While the rice is cooking, combine in small saucepan:
½ c [I use 1/3 c] rice wine vinegar
1 T [I use 4 T - this is not a typo, in this recipe I do use more sugar!] sugar
1 t salt [I omit]
Heat just until sugar has dissolved.
1 cucumber, sliced in long “matchstick” strips
2-3 carrots, sliced in long “matchstick” strips
Add vinegar mix to rice and toss to mix well.
Preheat nori over gas flame (holding nori in tongs) for a few seconds (until nori turns bright green)
Place a square of
Nori seaweed (you will need ~ 6 pieces in all)

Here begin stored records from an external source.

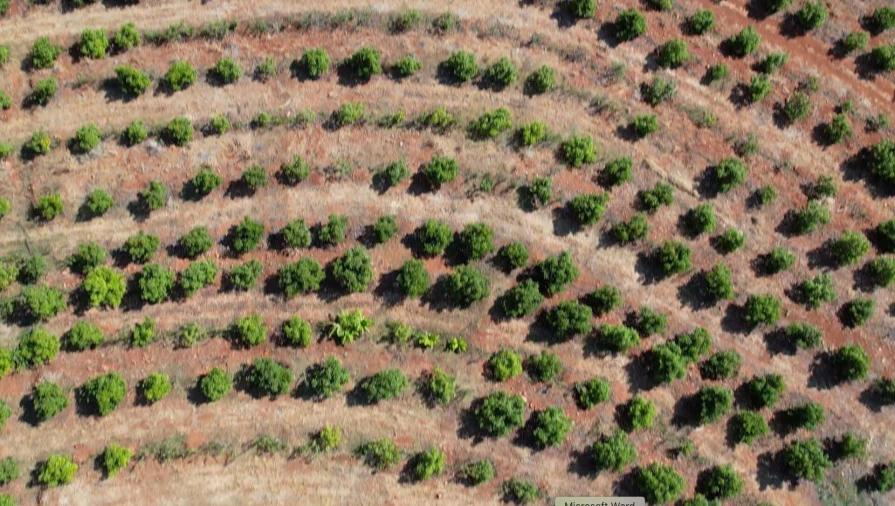 Terreno para Venda em São Silvestre Foto 13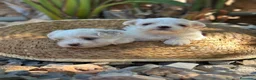 Bichón Maltés perros en venta: BICHÓN MALTÉS - Anuncio 2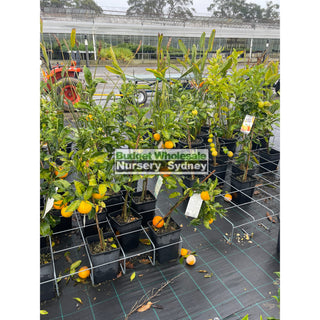 Citrus Orange Tree Navel Navelina 5Ltr Default Type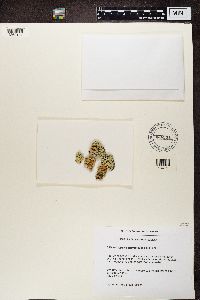 Rhizoplaca chrysoleuca image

Shiny side down on a bamboo mat made for rolling sushi. Spread it evenly with a ¼” layer of rice, leaving a 1“ boarder (no rice, just nori) at the top edge. Place a strip of cucumber and carrot running full length of the mat about 1/2 inch from the bottom. Use the mat to tightly roll the nori around the rice forming it into a log. The rice is sticky so rinse hands in water as needed to keep rice from sticking to them. Slice rolls into 8 pieces and serve with
Ginger, peeled and thinly sliced with vegetable peeler and/or pickled ginger
My Favorite: Instead of carrots and cucumber, use thinly sliced avocado sprinkled with lemon juice and toasted sesame seeds with/without crab or wild smoked salmon.
Omit carrots, use wild smoked salmon spread lightly with Duck Trap Farm Mustard Dill Sauce and "matchstick" cucumber. I don't serve wasabi with this variation.
Omit carrots, add cooked crab or wild smoked salmon to the “matchstick” cucumber.
One afternoon right after launching Condor, I got out all the ingredients I had brought to make sushi and discovered I must have taken the sushi mat home for the winter. I did have some small bamboo skewers and aluminum foil on board and from this I made a very serviceable mat.